■ **Your objective**
Reproduce exactly, with no other output, every line of the data below from the line containing "LOFT Navy Floral Longsleeve Dress" to the end, inclusive.

======

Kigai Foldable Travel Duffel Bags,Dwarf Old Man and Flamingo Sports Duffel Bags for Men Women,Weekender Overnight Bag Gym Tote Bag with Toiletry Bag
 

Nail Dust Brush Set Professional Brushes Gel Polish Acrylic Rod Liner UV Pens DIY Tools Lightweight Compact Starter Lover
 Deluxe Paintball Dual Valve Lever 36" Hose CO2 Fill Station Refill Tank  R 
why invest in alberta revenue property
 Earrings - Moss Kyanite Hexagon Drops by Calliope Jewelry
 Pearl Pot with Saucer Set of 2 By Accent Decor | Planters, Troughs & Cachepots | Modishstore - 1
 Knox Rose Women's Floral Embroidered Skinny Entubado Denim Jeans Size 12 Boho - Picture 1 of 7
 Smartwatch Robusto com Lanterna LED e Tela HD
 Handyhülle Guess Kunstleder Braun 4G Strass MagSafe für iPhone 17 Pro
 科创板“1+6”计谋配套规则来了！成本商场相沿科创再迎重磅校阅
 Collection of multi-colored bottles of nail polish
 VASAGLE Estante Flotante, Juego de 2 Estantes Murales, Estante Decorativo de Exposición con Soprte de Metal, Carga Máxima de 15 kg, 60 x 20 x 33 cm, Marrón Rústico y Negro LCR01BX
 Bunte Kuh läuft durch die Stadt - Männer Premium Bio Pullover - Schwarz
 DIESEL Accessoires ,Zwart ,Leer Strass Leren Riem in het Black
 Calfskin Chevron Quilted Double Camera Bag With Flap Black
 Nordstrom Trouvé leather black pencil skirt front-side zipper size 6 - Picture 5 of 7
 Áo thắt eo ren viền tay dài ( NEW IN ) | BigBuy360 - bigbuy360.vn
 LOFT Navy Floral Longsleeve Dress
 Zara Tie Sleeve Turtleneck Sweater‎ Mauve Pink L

======

■ **Task output**
 LOFT Navy Floral Longsleeve Dress
 Zara Tie Sleeve Turtleneck Sweater‎ Mauve Pink L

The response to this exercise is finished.